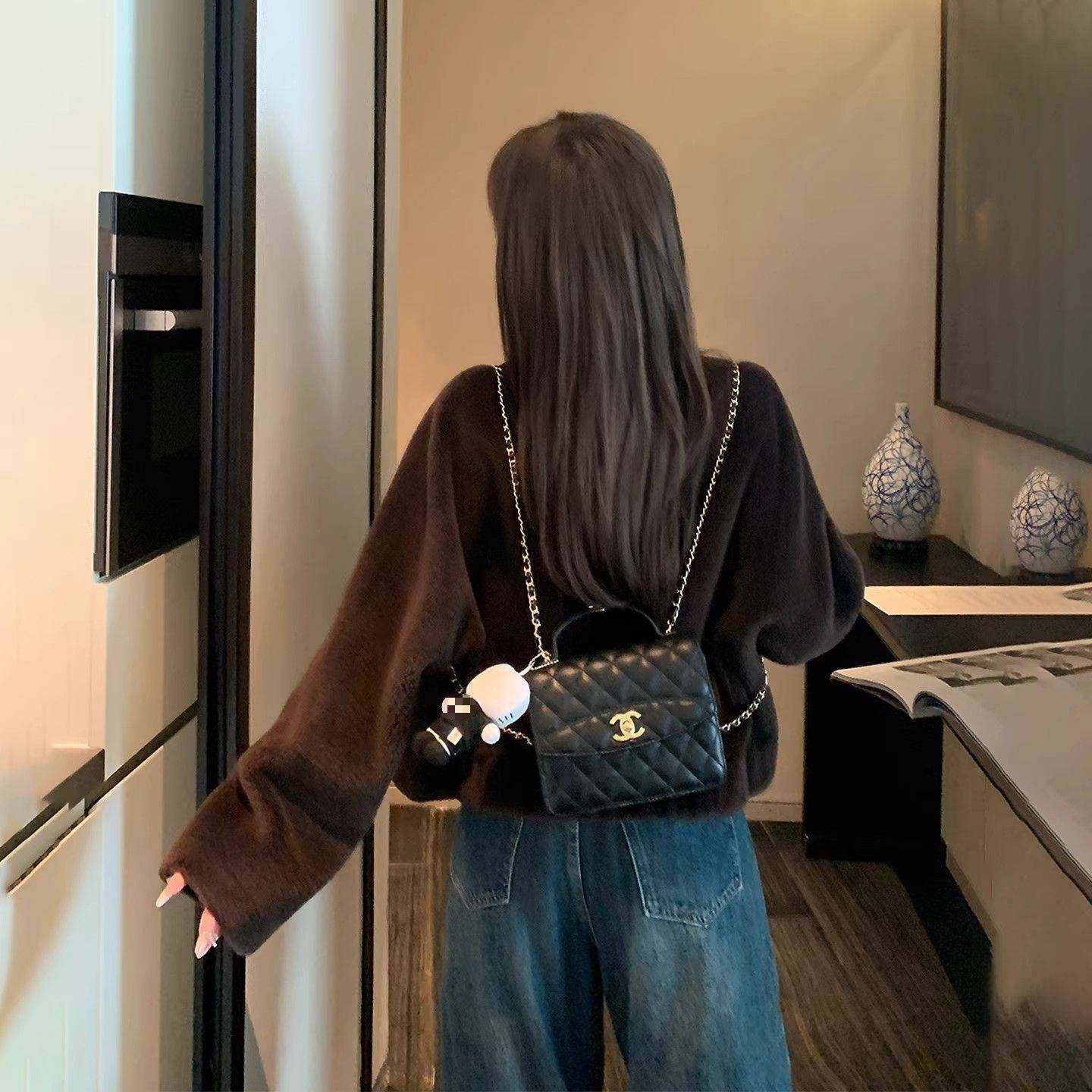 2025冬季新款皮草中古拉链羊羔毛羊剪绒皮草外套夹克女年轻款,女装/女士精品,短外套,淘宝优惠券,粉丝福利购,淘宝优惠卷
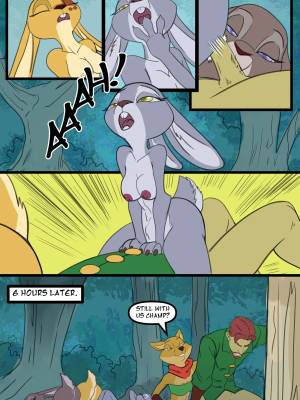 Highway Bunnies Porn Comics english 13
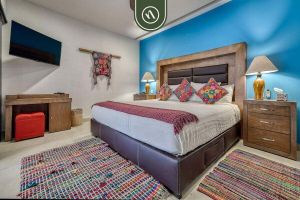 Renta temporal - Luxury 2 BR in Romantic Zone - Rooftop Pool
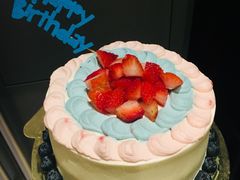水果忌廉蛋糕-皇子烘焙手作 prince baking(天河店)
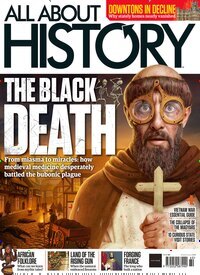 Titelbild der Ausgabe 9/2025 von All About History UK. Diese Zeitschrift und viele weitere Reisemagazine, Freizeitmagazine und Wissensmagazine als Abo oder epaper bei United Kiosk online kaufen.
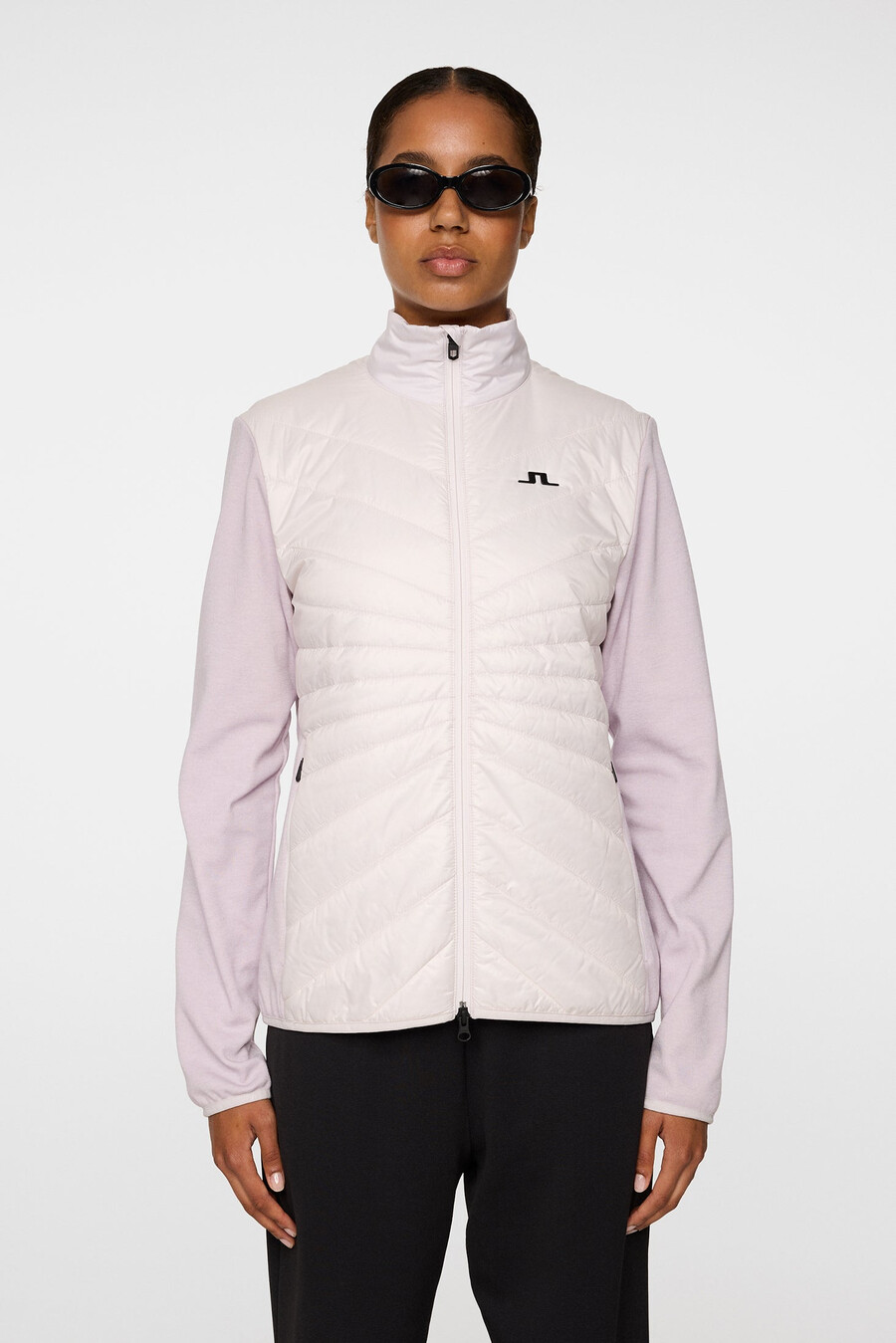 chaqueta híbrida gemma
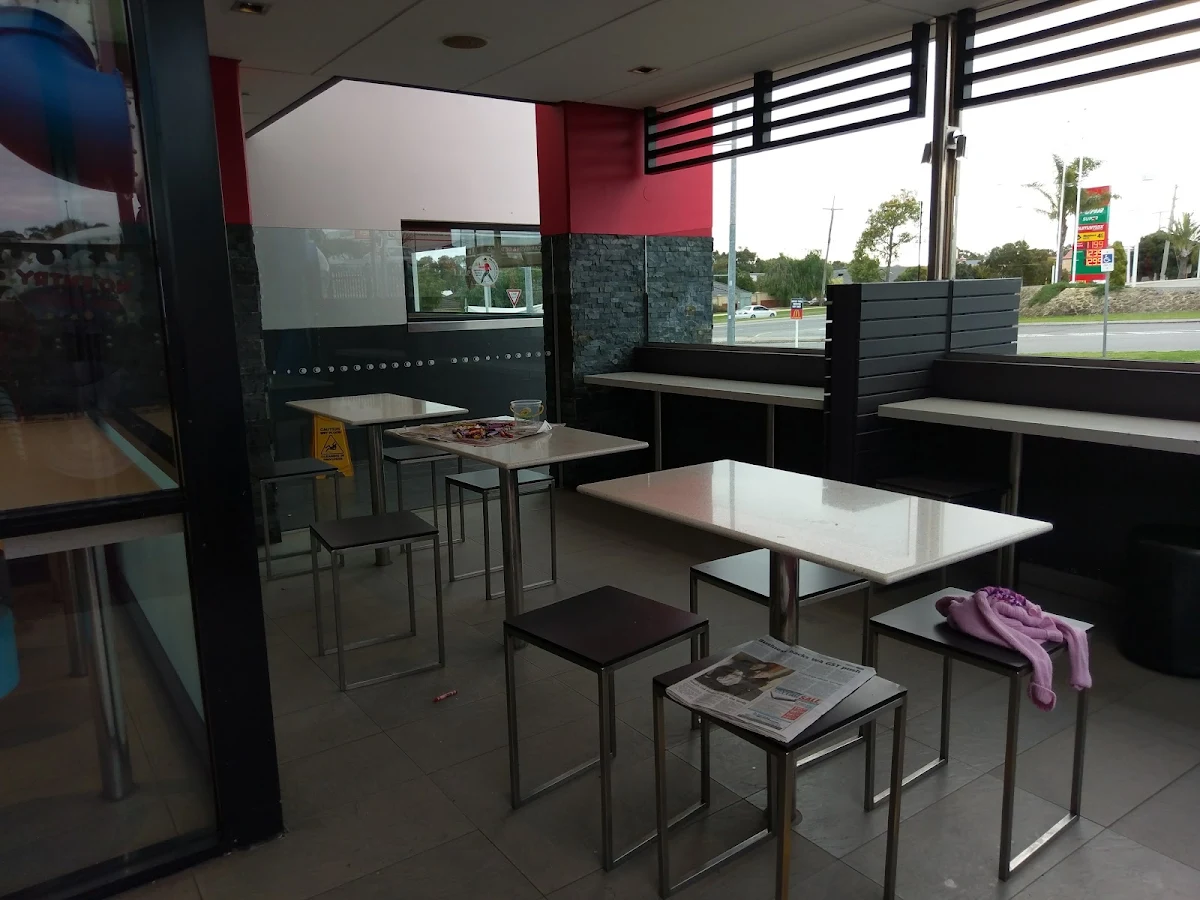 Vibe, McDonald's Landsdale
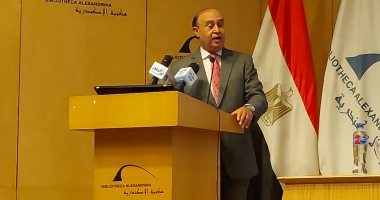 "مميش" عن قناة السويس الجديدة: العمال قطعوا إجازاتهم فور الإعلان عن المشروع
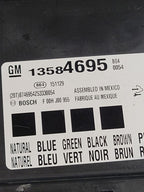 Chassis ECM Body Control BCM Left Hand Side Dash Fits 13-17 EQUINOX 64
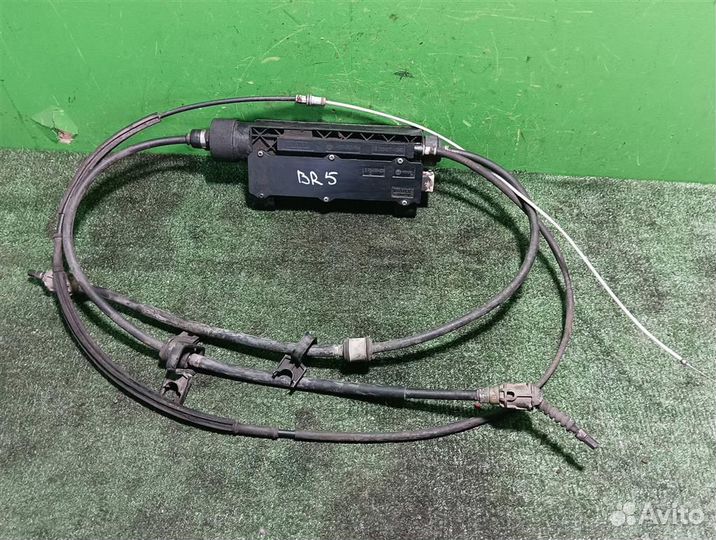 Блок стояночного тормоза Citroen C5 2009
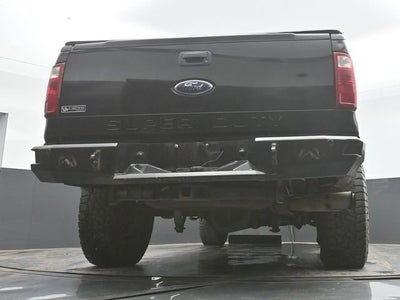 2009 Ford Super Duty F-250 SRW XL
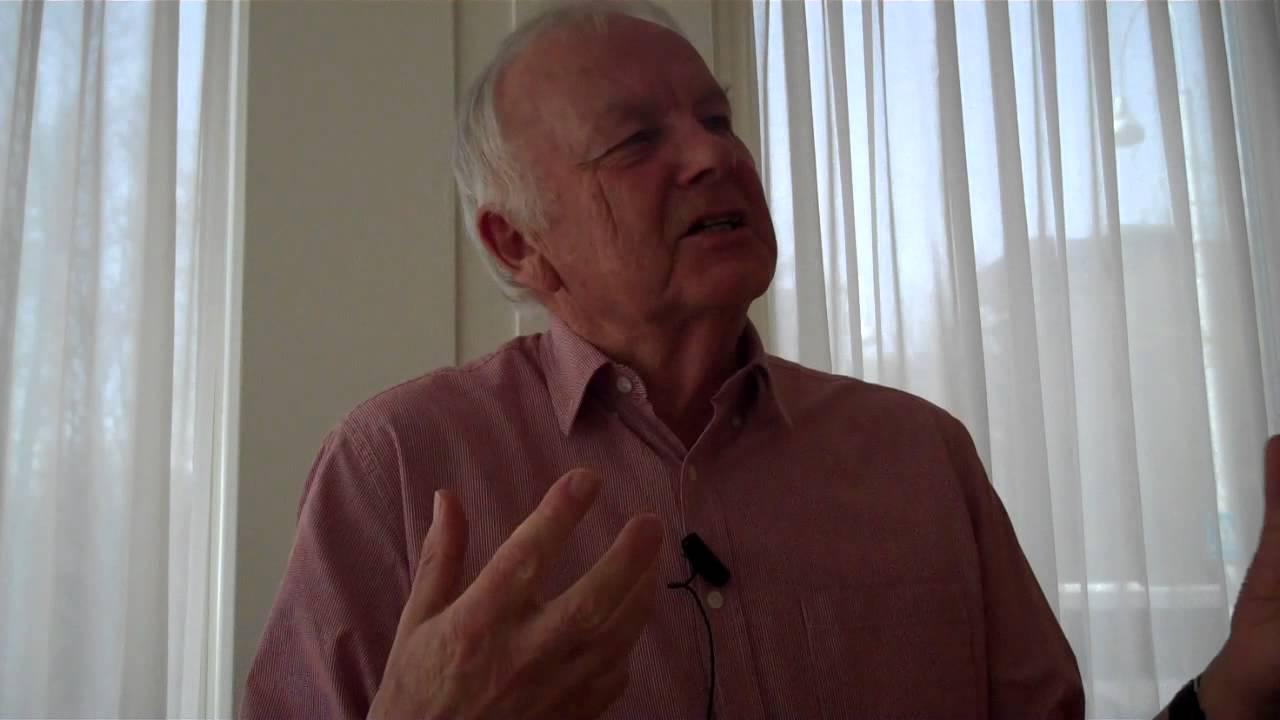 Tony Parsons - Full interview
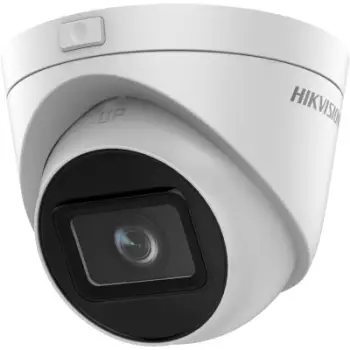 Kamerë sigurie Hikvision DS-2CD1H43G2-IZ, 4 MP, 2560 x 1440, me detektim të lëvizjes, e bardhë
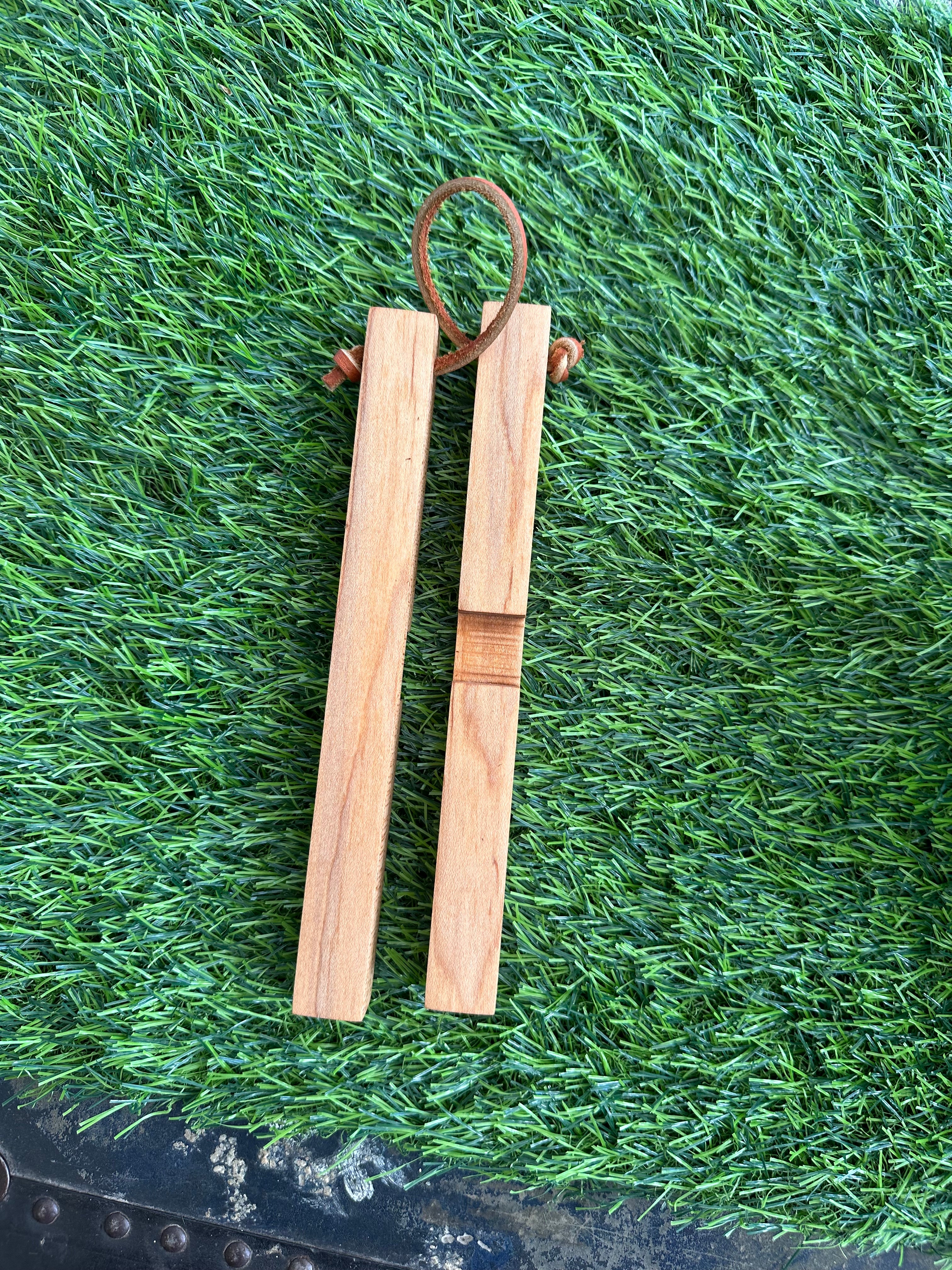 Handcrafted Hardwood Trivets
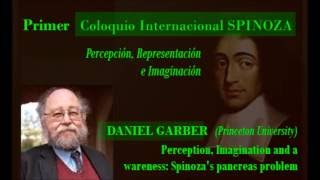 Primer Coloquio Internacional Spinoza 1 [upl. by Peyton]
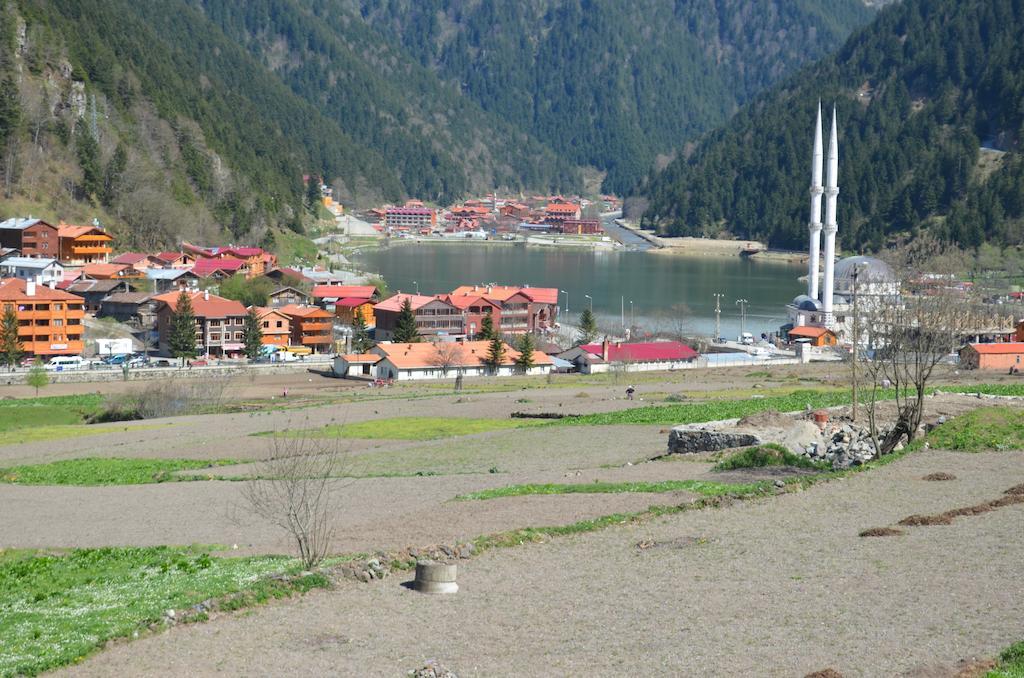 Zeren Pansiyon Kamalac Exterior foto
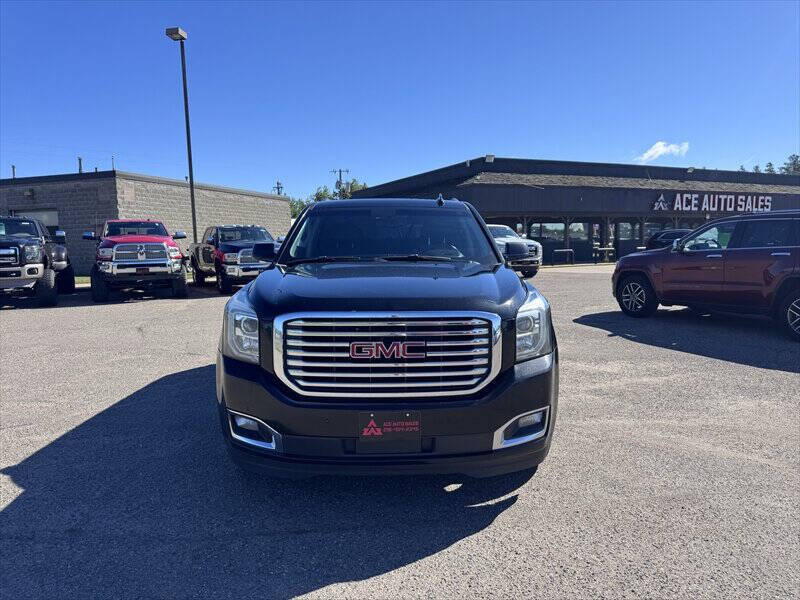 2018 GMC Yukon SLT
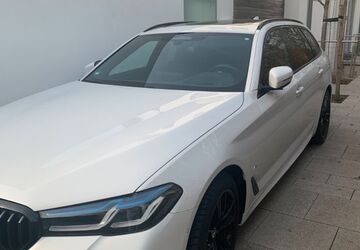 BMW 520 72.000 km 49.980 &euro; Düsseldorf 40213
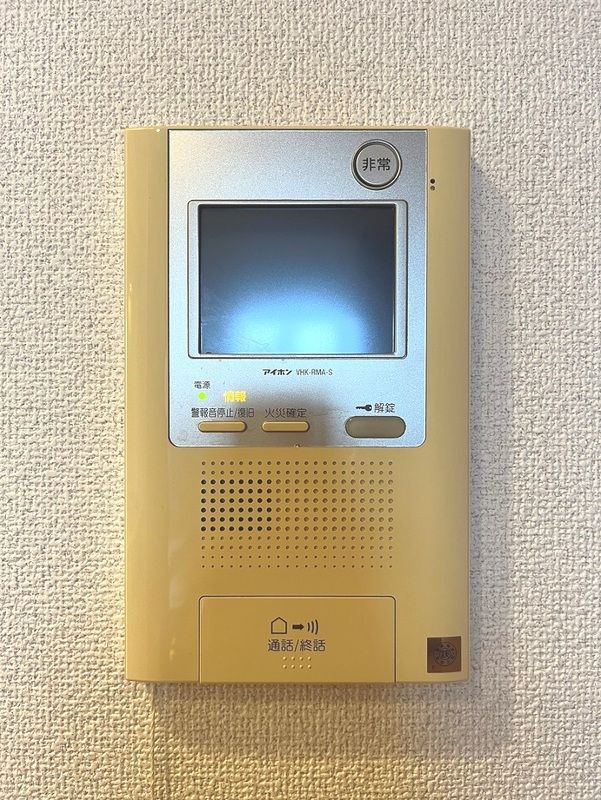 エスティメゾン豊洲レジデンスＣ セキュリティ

- Exercise description -
Copy everything above from the line holding "Highway Bunnies Porn Comics english 13" down to the line holding "Блок стояночного тормоза Citroen C5 2009", both ends included, exactly as it stands and without the pictures.

- Output -
 Highway Bunnies Porn Comics english 13
 Renta temporal - Luxury 2 BR in Romantic Zone - Rooftop Pool
水果忌廉蛋糕-皇子烘焙手作 prince baking(天河店)
 Titelbild der Ausgabe 9/2025 von All About History UK. Diese Zeitschrift und viele weitere Reisemagazine, Freizeitmagazine und Wissensmagazine als Abo oder epaper bei United Kiosk online kaufen.
 chaqueta híbrida gemma
 Vibe, McDonald's Landsdale
 "مميش" عن قناة السويس الجديدة: العمال قطعوا إجازاتهم فور الإعلان عن المشروع
 Chassis ECM Body Control BCM Left Hand Side Dash Fits 13-17 EQUINOX 64
 Блок стояночного тормоза Citroen C5 2009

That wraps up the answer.